[EXTRACTED RECORDS Boundary: Start]

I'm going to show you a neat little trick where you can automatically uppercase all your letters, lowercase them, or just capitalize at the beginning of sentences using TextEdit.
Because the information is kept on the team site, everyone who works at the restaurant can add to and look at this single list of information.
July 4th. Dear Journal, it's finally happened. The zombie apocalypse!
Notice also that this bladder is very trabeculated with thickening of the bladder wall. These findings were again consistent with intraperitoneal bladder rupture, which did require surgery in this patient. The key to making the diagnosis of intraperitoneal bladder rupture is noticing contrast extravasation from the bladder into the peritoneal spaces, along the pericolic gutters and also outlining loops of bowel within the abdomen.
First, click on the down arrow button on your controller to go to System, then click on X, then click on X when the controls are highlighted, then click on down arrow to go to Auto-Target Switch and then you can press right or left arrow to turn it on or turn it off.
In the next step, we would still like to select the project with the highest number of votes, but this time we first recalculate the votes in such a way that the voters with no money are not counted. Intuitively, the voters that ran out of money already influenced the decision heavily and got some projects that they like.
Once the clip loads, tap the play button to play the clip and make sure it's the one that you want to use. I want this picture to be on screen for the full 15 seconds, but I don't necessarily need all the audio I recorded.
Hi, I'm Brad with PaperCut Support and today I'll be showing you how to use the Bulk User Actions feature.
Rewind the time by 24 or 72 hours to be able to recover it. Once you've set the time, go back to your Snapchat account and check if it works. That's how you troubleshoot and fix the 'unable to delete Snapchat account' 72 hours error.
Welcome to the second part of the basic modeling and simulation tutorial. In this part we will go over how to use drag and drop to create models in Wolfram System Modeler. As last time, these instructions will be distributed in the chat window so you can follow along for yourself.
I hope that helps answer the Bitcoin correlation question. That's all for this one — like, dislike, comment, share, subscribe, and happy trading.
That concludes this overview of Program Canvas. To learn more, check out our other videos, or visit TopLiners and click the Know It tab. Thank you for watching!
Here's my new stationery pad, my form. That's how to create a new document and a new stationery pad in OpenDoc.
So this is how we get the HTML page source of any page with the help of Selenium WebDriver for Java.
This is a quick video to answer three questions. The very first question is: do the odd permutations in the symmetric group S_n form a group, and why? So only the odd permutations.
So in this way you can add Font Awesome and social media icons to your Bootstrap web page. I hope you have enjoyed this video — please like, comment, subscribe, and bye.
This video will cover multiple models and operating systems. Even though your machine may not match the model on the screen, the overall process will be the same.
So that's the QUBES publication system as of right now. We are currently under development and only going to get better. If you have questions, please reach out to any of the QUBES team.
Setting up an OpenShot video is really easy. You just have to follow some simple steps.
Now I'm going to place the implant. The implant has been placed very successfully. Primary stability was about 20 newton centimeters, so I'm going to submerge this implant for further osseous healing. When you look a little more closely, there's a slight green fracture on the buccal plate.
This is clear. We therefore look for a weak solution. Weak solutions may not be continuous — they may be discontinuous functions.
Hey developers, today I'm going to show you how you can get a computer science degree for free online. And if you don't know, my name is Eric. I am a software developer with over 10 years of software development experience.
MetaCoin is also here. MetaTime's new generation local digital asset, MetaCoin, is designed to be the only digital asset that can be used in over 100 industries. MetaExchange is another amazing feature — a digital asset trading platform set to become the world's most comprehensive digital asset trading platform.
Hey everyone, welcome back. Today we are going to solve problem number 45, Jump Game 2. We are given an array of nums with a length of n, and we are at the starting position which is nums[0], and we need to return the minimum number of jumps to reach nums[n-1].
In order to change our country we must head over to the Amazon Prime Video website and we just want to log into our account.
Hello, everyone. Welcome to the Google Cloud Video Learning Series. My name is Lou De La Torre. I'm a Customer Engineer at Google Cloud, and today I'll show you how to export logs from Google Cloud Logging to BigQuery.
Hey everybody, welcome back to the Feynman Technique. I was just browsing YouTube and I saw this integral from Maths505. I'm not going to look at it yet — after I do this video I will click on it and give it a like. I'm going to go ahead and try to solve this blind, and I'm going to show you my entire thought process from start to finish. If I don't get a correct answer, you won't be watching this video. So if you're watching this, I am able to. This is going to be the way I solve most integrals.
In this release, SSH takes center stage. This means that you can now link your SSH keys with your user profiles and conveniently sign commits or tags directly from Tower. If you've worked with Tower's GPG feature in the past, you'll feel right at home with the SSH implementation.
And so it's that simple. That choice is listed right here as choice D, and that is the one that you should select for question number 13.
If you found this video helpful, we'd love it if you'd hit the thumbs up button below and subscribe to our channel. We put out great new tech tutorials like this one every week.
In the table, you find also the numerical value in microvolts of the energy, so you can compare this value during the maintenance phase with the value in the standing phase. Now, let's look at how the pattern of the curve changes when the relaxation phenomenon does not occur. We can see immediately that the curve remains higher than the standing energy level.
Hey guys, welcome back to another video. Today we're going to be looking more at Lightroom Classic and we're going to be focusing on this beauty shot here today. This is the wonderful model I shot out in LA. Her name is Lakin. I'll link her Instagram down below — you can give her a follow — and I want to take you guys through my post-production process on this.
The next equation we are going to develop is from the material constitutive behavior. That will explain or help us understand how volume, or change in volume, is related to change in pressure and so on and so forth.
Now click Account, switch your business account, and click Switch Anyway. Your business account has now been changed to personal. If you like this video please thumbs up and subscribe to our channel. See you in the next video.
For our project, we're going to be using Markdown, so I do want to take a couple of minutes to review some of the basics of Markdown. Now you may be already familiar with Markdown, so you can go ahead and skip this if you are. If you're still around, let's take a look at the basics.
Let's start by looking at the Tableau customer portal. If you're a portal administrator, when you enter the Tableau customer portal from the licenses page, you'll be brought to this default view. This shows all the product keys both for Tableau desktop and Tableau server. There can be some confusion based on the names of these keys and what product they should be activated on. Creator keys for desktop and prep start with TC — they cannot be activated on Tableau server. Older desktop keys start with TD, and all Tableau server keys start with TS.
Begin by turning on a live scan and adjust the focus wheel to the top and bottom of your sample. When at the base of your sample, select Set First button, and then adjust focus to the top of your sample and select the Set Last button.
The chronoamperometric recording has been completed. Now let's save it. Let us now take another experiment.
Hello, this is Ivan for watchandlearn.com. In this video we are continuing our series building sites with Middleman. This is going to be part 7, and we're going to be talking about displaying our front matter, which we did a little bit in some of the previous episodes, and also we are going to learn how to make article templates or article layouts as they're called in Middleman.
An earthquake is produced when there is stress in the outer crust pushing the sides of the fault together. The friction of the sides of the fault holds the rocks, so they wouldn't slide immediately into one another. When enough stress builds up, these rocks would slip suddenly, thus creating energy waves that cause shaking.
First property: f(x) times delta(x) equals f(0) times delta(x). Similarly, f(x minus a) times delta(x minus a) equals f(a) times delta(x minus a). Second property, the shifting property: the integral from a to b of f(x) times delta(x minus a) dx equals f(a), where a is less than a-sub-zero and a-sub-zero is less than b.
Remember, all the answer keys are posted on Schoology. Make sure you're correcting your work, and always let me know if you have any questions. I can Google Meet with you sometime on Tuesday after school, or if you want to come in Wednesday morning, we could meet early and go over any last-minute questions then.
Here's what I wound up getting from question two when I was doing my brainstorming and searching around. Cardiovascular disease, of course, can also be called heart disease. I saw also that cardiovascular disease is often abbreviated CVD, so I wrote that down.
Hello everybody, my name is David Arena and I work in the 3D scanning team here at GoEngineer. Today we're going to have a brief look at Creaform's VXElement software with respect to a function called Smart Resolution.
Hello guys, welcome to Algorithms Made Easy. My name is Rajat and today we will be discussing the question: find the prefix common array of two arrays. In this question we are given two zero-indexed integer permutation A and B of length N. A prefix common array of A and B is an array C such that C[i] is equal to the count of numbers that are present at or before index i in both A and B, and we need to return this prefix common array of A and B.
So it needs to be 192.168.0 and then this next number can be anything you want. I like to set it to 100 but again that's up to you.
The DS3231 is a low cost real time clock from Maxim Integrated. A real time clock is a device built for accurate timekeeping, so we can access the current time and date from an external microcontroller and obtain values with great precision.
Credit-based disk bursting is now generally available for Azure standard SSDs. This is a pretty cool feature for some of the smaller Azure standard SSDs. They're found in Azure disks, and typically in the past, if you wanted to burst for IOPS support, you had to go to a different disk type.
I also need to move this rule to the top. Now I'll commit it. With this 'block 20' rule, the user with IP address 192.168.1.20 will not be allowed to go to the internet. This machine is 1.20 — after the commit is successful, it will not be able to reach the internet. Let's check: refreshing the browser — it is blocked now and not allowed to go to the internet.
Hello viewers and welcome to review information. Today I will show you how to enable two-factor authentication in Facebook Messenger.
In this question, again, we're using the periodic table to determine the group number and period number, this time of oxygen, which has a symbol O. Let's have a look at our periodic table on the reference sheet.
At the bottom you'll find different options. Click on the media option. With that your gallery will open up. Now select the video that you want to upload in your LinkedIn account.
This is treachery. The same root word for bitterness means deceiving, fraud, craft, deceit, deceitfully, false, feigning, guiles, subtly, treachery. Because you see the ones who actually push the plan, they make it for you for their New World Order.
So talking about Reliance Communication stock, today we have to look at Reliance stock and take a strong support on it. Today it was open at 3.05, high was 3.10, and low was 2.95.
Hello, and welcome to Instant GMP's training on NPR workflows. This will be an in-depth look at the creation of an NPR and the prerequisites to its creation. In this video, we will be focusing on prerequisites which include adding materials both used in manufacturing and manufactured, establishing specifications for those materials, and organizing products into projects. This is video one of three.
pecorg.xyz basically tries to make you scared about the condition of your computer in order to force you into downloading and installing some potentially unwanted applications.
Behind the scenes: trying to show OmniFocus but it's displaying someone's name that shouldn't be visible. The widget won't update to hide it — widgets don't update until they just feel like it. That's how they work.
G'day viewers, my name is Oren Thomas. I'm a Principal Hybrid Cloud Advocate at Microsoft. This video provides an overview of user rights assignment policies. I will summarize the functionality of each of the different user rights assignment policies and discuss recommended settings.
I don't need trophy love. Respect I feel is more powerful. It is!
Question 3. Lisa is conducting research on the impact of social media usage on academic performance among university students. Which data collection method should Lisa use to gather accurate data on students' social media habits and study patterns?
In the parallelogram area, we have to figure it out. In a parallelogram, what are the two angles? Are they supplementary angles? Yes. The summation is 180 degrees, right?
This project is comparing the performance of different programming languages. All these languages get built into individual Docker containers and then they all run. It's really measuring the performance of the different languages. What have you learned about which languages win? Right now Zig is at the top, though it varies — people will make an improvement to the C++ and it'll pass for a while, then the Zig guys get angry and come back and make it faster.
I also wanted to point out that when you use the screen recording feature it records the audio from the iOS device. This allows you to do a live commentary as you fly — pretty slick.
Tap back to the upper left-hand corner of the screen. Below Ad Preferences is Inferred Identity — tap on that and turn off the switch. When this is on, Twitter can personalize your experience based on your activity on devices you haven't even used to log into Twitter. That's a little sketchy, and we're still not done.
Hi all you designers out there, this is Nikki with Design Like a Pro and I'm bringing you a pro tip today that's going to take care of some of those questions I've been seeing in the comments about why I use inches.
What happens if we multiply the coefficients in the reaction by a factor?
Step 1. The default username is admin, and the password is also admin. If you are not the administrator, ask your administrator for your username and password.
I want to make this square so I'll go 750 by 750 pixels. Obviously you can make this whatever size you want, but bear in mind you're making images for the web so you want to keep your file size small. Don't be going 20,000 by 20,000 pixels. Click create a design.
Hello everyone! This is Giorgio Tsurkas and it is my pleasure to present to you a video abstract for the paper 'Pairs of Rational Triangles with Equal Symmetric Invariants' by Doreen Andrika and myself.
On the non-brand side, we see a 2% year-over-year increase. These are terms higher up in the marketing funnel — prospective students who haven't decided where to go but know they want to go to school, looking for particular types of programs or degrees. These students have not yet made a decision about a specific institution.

[EXTRACTED RECORDS Boundary: End]

DIRECTIONS:
The answer must consist of every line from the listing above that includes the word "simple".

ANSWER BELOW:
Setting up an OpenShot video is really easy. You just have to follow some simple steps.
And so it's that simple. That choice is listed right here as choice D, and that is the one that you should select for question number 13.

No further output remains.